──────── RECORDED DATA ────────

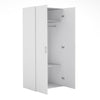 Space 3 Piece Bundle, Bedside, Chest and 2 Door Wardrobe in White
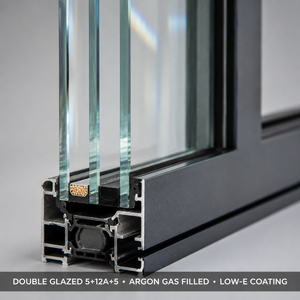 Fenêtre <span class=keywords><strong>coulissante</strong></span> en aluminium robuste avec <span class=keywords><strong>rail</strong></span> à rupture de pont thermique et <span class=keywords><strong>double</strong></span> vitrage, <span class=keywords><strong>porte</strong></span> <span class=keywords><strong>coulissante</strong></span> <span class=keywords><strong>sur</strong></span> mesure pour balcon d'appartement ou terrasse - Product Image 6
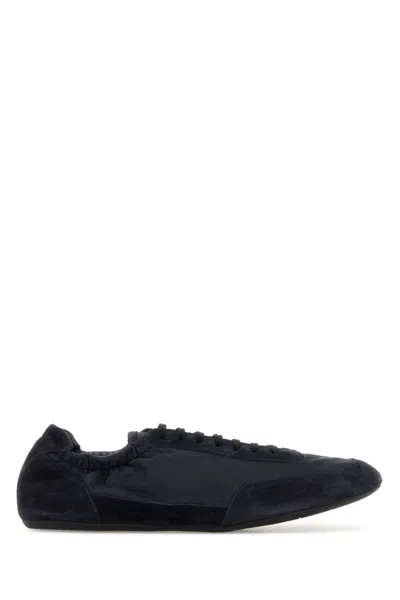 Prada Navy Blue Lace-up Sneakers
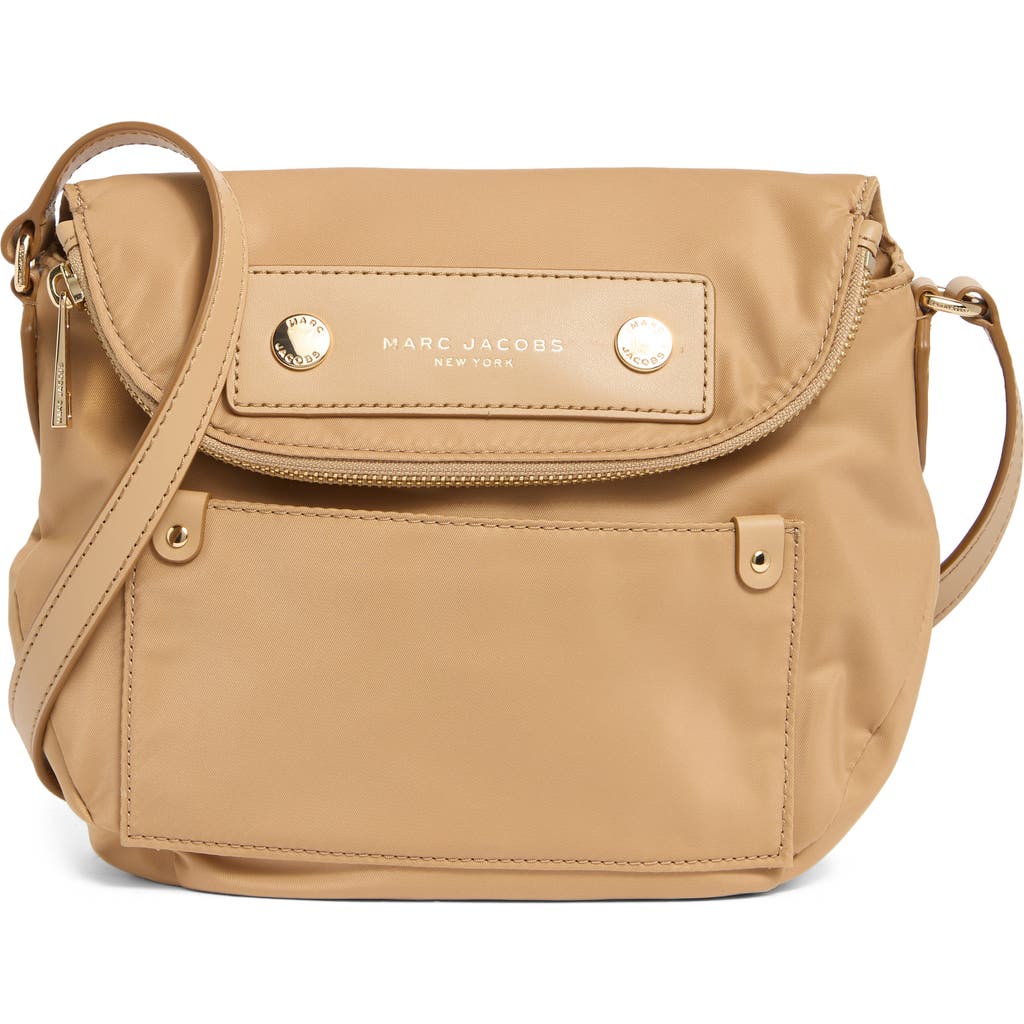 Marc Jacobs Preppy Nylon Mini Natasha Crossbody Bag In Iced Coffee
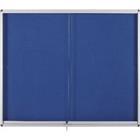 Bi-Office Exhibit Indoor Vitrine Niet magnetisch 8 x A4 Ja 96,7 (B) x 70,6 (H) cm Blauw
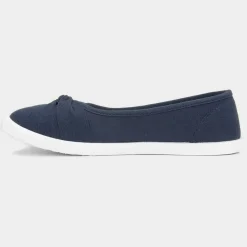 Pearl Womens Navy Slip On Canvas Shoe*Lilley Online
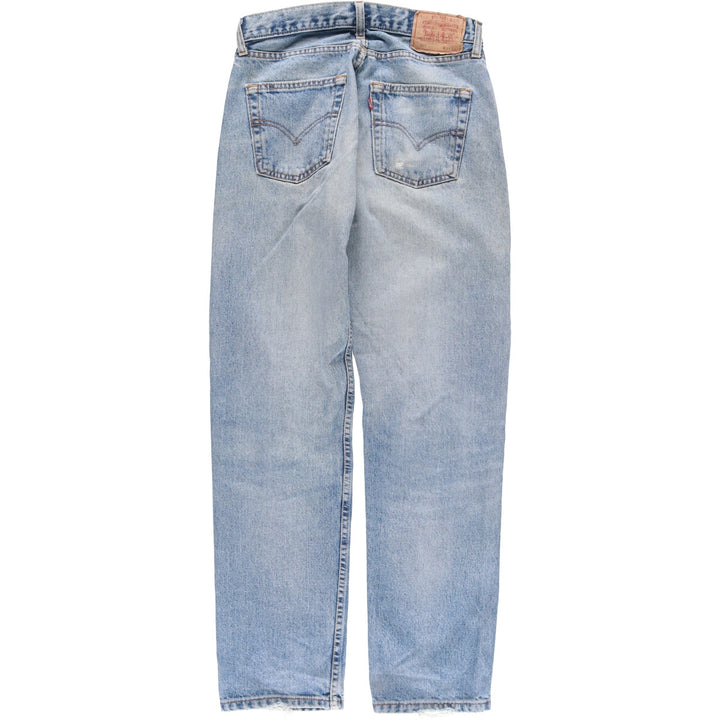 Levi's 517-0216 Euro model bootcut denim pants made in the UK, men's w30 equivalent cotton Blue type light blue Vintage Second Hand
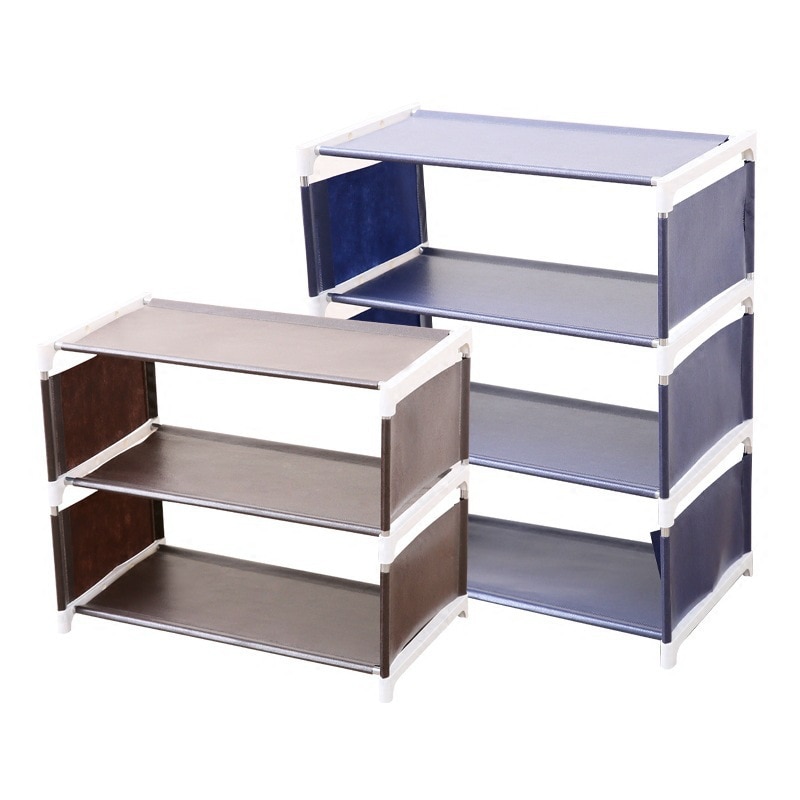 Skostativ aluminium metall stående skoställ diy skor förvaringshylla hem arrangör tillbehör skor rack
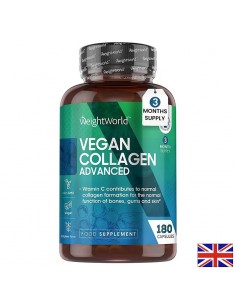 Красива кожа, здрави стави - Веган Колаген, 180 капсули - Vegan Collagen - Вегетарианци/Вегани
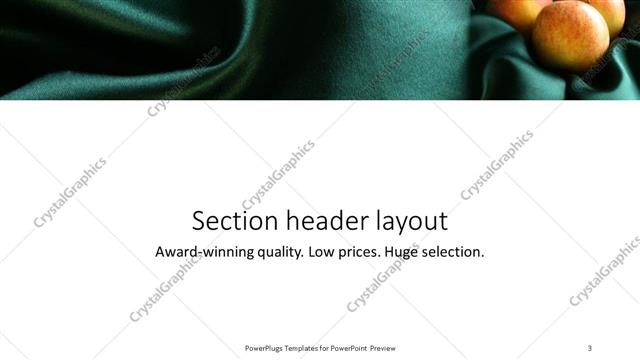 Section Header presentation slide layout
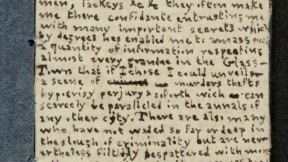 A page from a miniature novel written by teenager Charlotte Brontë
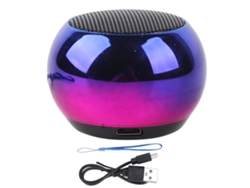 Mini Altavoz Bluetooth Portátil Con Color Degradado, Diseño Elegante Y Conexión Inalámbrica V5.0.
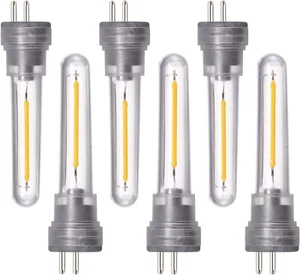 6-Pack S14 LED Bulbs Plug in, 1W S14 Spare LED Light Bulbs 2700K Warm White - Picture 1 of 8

────────

**INSTRUCTIONS TO FOLLOW**:
What is needed is a verbatim copy of every entry, with the pictures omitted.

**ANSWER TO THE PROBLEM**:
 Space 3 Piece Bundle, Bedside, Chest and 2 Door Wardrobe in White
 Fenêtre <span class=keywords><strong>coulissante</strong></span> en aluminium robuste avec <span class=keywords><strong>rail</strong></span> à rupture de pont thermique et <span class=keywords><strong>double</strong></span> vitrage, <span class=keywords><strong>porte</strong></span> <span class=keywords><strong>coulissante</strong></span> <span class=keywords><strong>sur</strong></span> mesure pour balcon d'appartement ou terrasse - Product Image 6
 Prada Navy Blue Lace-up Sneakers
 Marc Jacobs Preppy Nylon Mini Natasha Crossbody Bag In Iced Coffee
 Bi-Office Exhibit Indoor Vitrine Niet magnetisch 8 x A4 Ja 96,7 (B) x 70,6 (H) cm Blauw
 Pearl Womens Navy Slip On Canvas Shoe*Lilley Online
 Levi's 517-0216 Euro model bootcut denim pants made in the UK, men's w30 equivalent cotton Blue type light blue Vintage Second Hand
 Skostativ aluminium metall stående skoställ diy skor förvaringshylla hem arrangör tillbehör skor rack
 Красива кожа, здрави стави - Веган Колаген, 180 капсули - Vegan Collagen - Вегетарианци/Вегани
 Section Header presentation slide layout
 A page from a miniature novel written by teenager Charlotte Brontë
 Mini Altavoz Bluetooth Portátil Con Color Degradado, Diseño Elegante Y Conexión Inalámbrica V5.0.
 6-Pack S14 LED Bulbs Plug in, 1W S14 Spare LED Light Bulbs 2700K Warm White - Picture 1 of 8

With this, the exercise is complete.